• **WHAT YOU SHOULD DO**:
Work through the data below and give the number of lines holding "Knit", nothing more.
(Beginning of SOURCE RECORDS)
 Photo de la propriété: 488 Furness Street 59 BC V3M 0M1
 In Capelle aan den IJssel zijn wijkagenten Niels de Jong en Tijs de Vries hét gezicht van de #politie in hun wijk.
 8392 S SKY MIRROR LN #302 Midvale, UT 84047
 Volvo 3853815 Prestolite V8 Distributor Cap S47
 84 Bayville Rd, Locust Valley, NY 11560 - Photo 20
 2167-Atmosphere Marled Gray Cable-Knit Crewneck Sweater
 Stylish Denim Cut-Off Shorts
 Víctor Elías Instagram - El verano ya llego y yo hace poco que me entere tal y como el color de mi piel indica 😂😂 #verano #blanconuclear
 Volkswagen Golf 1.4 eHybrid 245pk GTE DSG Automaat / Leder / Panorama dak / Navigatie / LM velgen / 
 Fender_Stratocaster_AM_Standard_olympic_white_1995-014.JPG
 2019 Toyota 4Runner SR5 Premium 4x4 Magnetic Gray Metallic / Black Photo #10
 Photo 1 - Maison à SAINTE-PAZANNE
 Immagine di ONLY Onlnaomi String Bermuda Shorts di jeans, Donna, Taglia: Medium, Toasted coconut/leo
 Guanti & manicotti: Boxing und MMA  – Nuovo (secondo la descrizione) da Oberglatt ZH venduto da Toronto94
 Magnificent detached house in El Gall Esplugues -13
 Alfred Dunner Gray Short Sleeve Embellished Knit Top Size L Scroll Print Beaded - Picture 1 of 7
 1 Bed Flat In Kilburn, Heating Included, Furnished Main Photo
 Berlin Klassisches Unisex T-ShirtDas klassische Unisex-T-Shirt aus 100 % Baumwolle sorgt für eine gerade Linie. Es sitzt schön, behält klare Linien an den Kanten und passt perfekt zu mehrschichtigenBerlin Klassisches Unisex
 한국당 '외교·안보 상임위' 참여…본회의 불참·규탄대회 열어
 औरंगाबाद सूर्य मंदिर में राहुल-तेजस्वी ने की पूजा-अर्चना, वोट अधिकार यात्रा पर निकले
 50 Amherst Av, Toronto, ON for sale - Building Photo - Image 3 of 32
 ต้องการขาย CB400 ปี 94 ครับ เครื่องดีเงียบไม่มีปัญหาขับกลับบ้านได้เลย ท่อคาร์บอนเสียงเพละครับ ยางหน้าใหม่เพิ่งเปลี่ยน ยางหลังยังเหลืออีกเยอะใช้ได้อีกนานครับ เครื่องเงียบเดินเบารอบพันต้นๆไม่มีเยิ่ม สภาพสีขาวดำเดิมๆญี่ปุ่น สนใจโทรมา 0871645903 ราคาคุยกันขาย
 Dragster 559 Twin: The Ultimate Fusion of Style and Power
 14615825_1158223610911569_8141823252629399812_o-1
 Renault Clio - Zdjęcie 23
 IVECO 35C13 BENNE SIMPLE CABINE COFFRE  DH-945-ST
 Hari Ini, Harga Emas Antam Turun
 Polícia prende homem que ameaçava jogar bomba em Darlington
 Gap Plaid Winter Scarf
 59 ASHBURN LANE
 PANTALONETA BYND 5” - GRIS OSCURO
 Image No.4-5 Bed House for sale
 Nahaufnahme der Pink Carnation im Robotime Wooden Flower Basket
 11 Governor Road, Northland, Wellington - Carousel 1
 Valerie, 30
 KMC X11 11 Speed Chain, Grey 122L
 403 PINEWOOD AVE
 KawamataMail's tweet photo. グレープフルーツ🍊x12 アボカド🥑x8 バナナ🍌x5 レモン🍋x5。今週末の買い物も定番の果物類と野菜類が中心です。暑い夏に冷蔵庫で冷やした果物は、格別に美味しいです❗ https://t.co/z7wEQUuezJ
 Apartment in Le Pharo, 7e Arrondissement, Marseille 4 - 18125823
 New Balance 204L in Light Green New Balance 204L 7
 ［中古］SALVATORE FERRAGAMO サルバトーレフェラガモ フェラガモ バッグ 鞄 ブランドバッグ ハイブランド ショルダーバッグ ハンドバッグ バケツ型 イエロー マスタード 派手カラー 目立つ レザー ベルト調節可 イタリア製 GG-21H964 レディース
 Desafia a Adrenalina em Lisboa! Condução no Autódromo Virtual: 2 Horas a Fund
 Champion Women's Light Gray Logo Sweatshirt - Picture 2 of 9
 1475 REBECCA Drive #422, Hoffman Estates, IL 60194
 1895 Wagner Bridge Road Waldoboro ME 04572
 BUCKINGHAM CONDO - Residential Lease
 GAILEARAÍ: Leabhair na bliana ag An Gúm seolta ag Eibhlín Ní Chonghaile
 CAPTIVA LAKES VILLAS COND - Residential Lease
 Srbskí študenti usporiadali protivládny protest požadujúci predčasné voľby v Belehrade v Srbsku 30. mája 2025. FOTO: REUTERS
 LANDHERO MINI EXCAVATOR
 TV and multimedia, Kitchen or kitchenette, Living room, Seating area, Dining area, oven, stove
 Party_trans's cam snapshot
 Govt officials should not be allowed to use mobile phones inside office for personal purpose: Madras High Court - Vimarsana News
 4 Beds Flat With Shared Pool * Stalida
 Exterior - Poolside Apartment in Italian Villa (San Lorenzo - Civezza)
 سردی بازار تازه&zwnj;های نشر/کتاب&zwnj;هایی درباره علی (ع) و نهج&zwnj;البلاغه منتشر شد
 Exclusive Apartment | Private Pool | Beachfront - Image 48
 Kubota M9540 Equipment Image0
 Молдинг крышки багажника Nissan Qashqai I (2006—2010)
(End of SOURCE RECORDS)
• **FINISHED EXERCISE**:
2